EXERCISE DETAILS:
Print the records below exactly, from the line containing "PacificHealth Endurox R4, Post" down to the line containing "Perhydrohistrionicotoxin structure", both lines included, and omit every picture.

INFORMATION PROVIDED:
=== Begin Enclosure ===
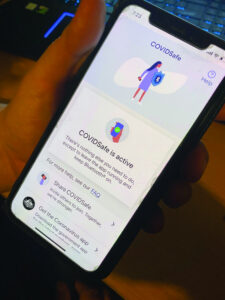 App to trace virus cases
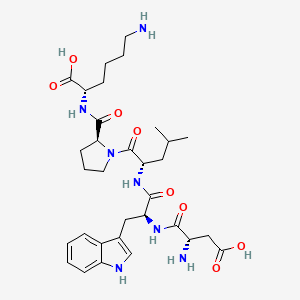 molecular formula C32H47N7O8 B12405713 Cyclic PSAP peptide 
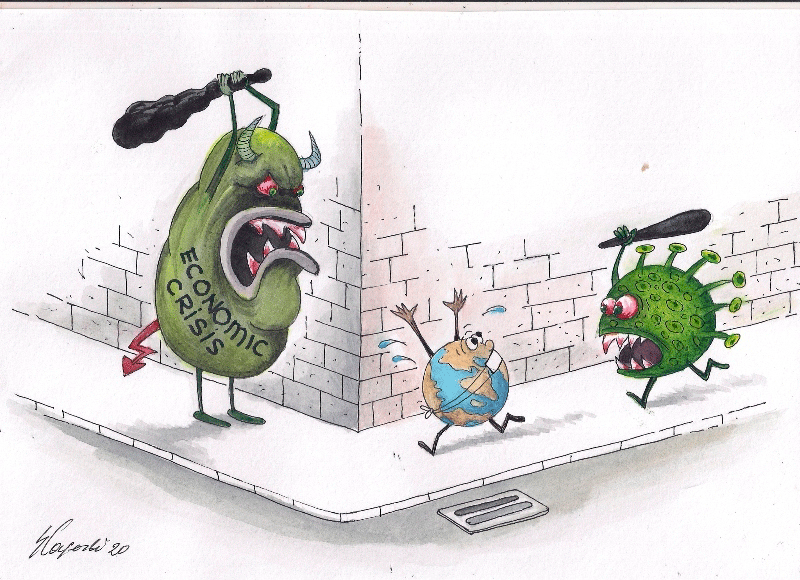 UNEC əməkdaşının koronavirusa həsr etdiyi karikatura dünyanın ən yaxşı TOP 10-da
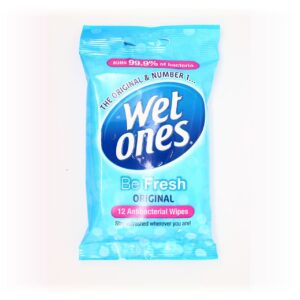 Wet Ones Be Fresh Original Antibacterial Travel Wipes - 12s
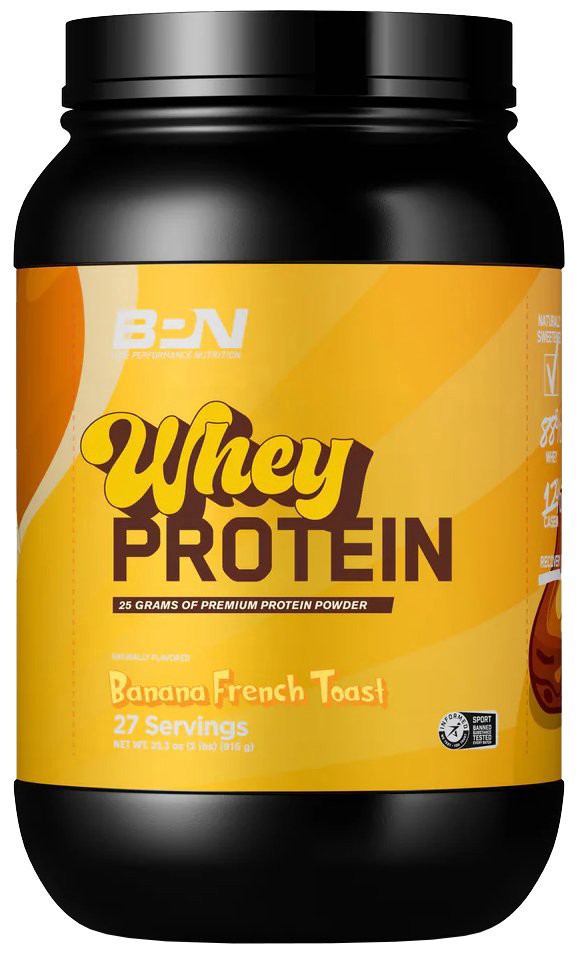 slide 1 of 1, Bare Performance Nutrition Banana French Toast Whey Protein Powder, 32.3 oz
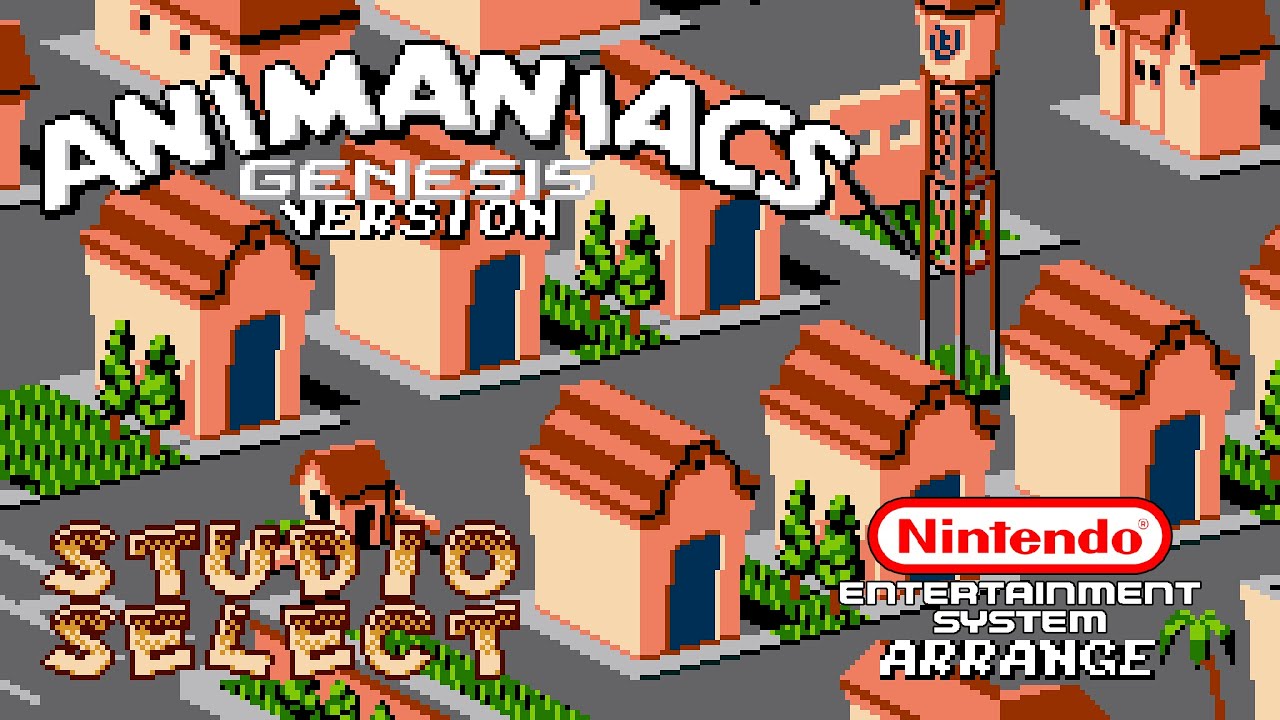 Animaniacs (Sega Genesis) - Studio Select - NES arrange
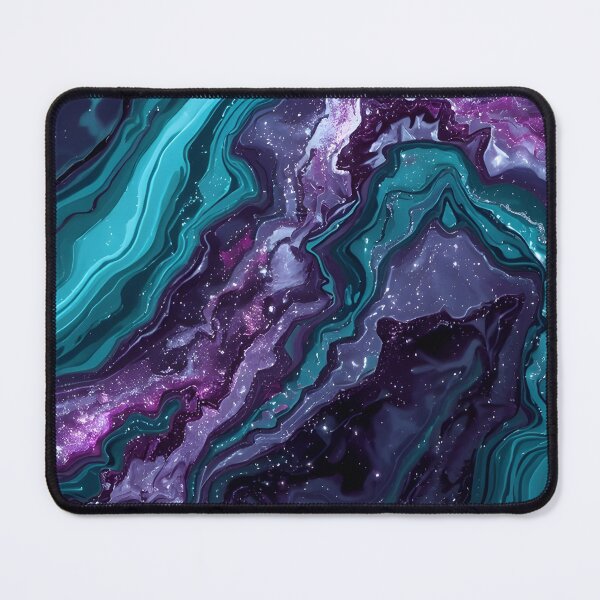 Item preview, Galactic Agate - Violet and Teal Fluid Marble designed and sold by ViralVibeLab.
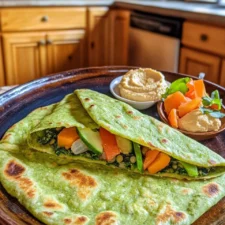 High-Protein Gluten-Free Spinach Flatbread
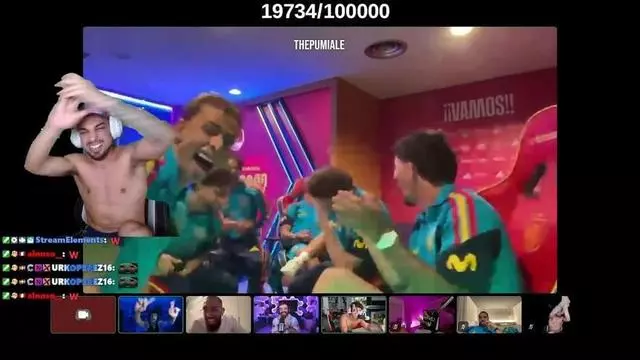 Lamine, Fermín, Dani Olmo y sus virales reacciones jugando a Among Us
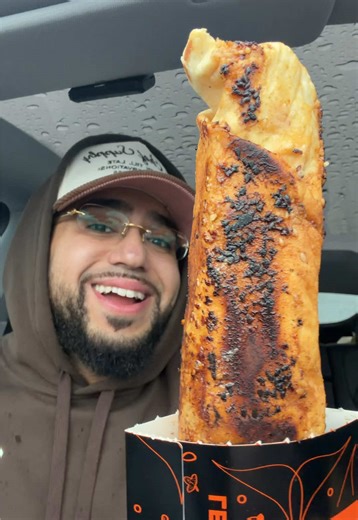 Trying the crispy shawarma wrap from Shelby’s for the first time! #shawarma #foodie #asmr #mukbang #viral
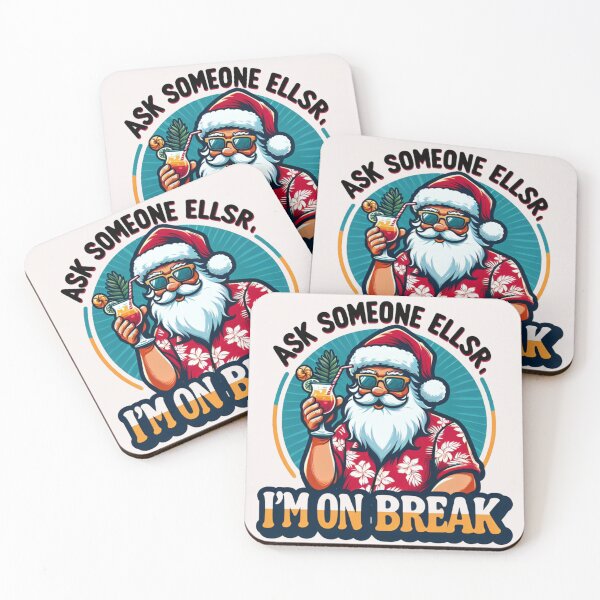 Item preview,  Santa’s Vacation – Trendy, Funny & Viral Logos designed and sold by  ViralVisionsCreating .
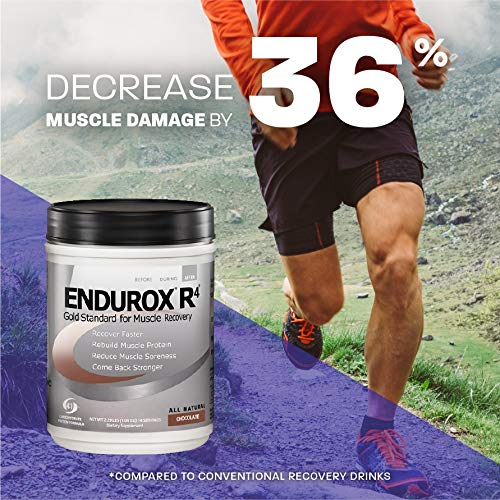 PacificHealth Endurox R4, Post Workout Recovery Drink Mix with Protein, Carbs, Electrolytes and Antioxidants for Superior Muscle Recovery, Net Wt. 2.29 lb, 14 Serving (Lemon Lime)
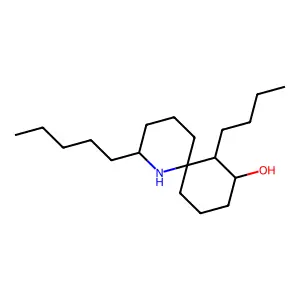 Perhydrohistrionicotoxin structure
=== End Enclosure ===
=== Begin Enclosure ===
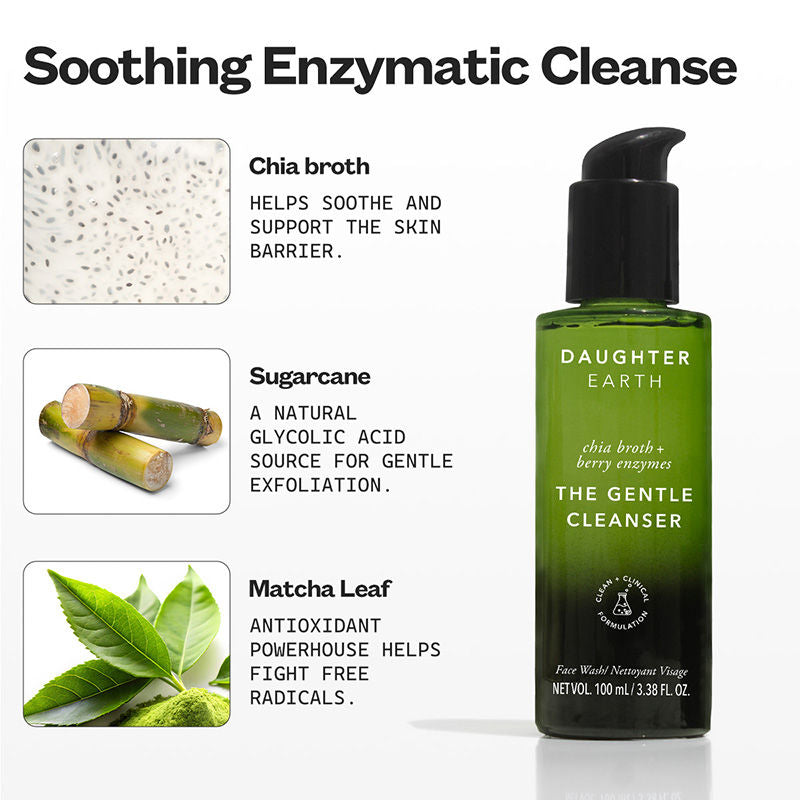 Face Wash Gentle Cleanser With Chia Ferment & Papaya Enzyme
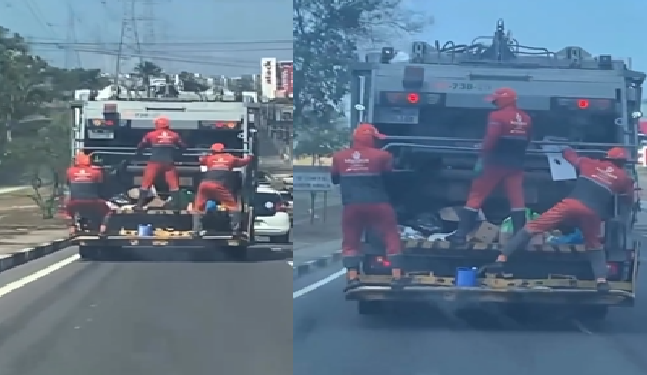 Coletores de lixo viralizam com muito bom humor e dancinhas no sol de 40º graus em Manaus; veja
=== End Enclosure ===
WRITTEN REPLY:
 PacificHealth Endurox R4, Post Workout Recovery Drink Mix with Protein, Carbs, Electrolytes and Antioxidants for Superior Muscle Recovery, Net Wt. 2.29 lb, 14 Serving (Lemon Lime)
 Perhydrohistrionicotoxin structure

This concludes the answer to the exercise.